START Materials provided

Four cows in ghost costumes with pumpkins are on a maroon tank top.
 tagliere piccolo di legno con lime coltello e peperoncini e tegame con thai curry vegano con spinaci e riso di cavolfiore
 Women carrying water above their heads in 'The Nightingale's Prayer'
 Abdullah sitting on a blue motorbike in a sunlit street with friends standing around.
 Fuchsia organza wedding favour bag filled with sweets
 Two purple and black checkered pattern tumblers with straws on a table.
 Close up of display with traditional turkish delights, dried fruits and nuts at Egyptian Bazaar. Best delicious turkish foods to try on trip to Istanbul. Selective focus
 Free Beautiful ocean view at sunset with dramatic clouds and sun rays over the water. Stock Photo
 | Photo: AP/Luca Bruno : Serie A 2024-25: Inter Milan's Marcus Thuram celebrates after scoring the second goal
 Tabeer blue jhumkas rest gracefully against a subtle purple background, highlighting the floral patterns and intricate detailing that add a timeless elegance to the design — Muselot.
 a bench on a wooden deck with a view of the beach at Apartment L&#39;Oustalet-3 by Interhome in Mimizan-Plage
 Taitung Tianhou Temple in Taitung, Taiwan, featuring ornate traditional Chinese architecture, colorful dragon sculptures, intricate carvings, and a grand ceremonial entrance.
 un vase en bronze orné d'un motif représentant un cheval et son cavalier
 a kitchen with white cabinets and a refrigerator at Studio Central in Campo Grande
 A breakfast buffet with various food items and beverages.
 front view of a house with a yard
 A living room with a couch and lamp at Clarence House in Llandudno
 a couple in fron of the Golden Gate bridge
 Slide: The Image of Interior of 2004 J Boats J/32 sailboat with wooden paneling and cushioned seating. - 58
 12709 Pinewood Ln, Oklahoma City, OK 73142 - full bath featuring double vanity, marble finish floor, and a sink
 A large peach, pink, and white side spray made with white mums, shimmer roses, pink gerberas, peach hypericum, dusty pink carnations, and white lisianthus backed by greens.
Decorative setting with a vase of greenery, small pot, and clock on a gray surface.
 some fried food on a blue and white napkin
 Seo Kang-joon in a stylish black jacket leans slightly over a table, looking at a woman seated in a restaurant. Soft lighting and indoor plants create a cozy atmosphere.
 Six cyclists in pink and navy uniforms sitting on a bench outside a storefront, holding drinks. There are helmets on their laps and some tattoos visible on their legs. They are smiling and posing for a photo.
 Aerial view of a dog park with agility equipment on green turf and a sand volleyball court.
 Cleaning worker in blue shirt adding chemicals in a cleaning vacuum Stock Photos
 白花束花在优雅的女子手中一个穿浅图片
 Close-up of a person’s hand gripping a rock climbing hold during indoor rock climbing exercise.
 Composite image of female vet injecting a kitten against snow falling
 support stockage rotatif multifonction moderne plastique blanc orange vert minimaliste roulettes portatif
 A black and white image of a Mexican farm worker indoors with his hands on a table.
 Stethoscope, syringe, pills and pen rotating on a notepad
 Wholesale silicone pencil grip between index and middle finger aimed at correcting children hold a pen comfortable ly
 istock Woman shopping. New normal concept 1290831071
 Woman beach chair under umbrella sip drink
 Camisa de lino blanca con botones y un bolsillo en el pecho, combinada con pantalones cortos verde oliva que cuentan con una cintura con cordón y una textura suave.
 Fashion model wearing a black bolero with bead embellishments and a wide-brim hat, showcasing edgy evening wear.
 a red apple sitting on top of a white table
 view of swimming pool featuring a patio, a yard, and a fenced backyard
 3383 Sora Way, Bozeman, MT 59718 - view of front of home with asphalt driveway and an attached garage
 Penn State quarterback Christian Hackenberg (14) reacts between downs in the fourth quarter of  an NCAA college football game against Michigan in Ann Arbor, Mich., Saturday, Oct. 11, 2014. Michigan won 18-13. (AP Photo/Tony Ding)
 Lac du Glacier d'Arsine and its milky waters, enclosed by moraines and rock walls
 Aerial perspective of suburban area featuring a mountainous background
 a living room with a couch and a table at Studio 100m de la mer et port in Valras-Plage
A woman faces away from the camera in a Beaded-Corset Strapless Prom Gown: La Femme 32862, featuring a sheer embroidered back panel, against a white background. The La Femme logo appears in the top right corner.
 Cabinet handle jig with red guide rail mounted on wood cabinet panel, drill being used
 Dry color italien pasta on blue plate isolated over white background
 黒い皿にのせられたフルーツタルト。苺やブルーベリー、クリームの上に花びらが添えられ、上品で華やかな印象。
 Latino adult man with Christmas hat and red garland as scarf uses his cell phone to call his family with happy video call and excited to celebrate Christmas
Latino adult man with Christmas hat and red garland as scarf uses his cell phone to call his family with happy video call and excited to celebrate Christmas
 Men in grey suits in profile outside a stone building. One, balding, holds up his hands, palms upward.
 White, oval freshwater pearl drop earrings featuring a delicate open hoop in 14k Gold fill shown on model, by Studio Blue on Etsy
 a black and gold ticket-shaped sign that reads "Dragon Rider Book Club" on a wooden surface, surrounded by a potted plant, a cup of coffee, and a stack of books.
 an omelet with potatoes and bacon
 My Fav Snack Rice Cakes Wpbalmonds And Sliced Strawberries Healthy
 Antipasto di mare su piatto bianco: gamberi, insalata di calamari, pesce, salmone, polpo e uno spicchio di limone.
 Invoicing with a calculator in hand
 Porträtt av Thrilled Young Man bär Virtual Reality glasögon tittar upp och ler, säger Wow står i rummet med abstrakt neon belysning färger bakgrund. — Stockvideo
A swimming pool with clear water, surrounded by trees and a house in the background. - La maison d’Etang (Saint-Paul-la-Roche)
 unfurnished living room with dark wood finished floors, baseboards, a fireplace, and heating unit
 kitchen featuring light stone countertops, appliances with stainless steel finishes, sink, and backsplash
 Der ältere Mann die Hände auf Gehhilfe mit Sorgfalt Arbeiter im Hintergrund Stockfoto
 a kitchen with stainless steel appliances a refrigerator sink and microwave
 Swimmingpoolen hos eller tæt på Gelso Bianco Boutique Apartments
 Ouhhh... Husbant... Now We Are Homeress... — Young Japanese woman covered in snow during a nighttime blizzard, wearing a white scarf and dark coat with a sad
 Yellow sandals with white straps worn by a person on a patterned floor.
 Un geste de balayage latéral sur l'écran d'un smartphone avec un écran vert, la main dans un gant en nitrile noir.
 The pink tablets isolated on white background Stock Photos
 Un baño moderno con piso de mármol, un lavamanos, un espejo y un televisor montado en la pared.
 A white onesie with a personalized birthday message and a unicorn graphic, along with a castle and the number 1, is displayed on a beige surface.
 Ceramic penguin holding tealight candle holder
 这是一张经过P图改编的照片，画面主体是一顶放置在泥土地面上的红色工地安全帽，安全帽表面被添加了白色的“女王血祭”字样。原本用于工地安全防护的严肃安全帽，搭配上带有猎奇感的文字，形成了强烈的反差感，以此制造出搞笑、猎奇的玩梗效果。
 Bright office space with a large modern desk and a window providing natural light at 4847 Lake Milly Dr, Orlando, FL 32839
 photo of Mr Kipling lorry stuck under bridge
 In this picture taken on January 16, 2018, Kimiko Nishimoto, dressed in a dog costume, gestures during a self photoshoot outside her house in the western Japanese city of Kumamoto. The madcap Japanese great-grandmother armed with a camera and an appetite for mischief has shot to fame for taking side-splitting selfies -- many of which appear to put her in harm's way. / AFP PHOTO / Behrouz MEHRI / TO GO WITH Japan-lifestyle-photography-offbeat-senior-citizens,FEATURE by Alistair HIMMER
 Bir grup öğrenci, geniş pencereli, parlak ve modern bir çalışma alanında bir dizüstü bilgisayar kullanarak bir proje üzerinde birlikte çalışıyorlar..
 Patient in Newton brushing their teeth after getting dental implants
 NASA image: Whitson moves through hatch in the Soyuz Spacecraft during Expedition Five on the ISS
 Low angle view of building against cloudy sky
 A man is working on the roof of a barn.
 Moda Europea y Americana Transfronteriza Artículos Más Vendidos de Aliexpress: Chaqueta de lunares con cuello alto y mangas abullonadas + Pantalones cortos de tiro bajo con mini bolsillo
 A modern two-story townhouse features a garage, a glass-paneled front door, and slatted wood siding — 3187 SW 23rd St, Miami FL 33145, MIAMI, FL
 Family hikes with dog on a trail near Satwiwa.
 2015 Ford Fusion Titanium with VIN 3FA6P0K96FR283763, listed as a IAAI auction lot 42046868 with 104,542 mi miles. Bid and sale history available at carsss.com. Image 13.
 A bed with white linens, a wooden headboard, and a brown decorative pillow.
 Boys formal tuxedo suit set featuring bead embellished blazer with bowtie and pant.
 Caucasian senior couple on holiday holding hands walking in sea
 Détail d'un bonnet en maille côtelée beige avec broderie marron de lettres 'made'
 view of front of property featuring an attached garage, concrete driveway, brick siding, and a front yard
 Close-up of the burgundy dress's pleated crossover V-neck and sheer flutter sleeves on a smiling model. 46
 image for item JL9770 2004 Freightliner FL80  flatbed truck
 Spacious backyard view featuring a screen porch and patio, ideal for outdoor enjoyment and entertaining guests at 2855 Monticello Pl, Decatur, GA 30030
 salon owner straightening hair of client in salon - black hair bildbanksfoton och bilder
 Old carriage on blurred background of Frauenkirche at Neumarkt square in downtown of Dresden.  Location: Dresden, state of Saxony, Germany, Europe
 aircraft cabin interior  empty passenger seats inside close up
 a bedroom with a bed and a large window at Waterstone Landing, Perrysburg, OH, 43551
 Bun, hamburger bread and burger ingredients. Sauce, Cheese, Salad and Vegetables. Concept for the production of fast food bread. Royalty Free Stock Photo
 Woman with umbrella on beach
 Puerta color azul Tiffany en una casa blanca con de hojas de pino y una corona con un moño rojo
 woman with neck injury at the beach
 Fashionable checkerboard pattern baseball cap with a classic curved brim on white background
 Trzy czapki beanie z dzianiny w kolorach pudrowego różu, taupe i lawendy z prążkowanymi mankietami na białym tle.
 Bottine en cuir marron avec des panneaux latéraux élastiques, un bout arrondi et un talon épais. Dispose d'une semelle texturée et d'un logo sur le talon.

END Materials provided

Work item: Transcribe the records above exactly, beginning at the line that contains "Abdullah sitting on" and ending with the line that contains "Tabeer blue jhumkas", both included, and nothing else.

Expected answer:
 Abdullah sitting on a blue motorbike in a sunlit street with friends standing around.
 Fuchsia organza wedding favour bag filled with sweets
 Two purple and black checkered pattern tumblers with straws on a table.
 Close up of display with traditional turkish delights, dried fruits and nuts at Egyptian Bazaar. Best delicious turkish foods to try on trip to Istanbul. Selective focus
 Free Beautiful ocean view at sunset with dramatic clouds and sun rays over the water. Stock Photo
 | Photo: AP/Luca Bruno : Serie A 2024-25: Inter Milan's Marcus Thuram celebrates after scoring the second goal
 Tabeer blue jhumkas rest gracefully against a subtle purple background, highlighting the floral patterns and intricate detailing that add a timeless elegance to the design — Muselot.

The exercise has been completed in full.